Schnuppertag im Rathaus mit Folgen
Kindern die vielseitige Arbeit der Kommunen näherzubringen, ist toll, aber gar nicht so einfach. Bei einem Schnuppertag wollte eine Stadtverwaltung erklären, was es mit der Hundesteuer auf sich hat, und befragte zur Veranschaulichung die Kinder, wer einen Hund zu Hause habe. Die daraus gezogenen Folgen waren kein Kinderspiel.
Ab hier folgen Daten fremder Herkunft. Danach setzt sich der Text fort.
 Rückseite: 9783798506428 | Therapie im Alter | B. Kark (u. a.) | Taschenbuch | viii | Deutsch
Kommunen erfüllen eine Vielzahl an öffentlichen Aufgaben. Oftmals kennen Bürger_innen jedoch kaum die enorme Vielfalt, für die Stadtverwaltungen stehen. Und wo bereits Erwachsene Schwierigkeiten haben, sich die Tätigkeit der Verwaltung vorzustellen, fällt es Kindern noch schwerer: Das abstrakte Aufzählen von Bezeichnungen wie „Abfallwirtschaft“, „Liegenschaftsverwaltung“ oder „Vermessungswesen“ – um ein paar plakative Beispiele zu nennen – wird den wichtigen Beitrag der Kommunen zur öffentlichen Aufgabenerfüllung kaum begreifbar machen.
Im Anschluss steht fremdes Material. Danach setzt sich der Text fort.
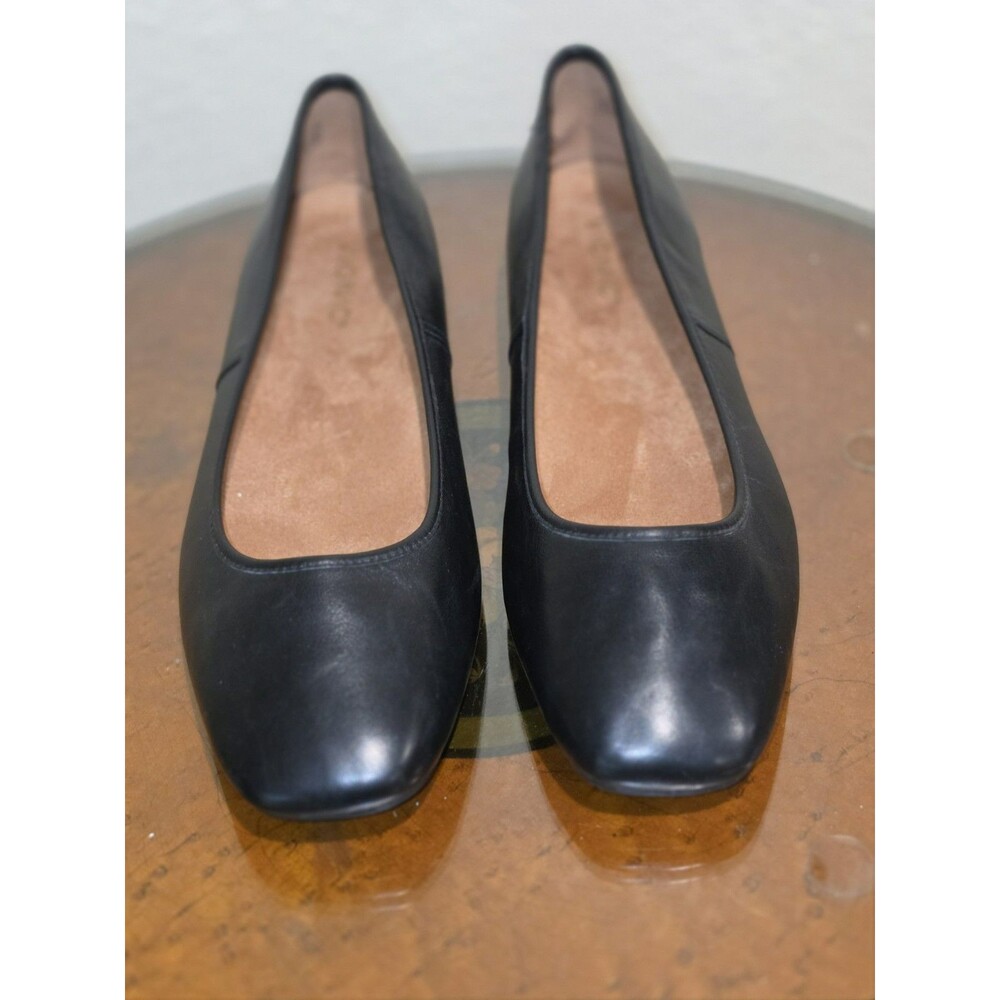 Vionic Women's Orinda Leather Ballet Flats Black Square Toe Size 11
In einem Fall war einer Klasse Grundschulkindern im Rahmen eines Besuchstags bei der Stadtverwaltung unter anderem die Hundesteuer erklärt worden. Eine solche müssen Gemeinden in Baden-Württemberg erheben und die Modalitäten dafür in einer gemeindlichen Satzung festlegen (§ 9 Abs. 3 des Kommunalabgabengesetzes [KAG]). Legt sich also jemand mit Wohnsitz in einer Gemeinde einen Hund zu, so muss diese Person der Gemeinde grundsätzlich nach Maßgabe der Satzung eine Steuer auf ihr Tier zahlen. Um zu demonstrieren, wie das Ganze funktioniert, fragte die Stadtverwaltung die Besuchsklasse danach, wer denn einen Hund zu Hause habe. Einige der Schüler wurden herausgegriffen und im entsprechenden Register gezeigt, wie Hund und Familie dort eingetragen sind. Bei einem Kind blieb der Abgleich mit dem Register jedoch ergebnislos: Der Hund war noch nicht angemeldet. Nun – im Anschluss wurde den Eltern des Kindes eine Aufforderung zur Anmeldung des Hundes zugesandt.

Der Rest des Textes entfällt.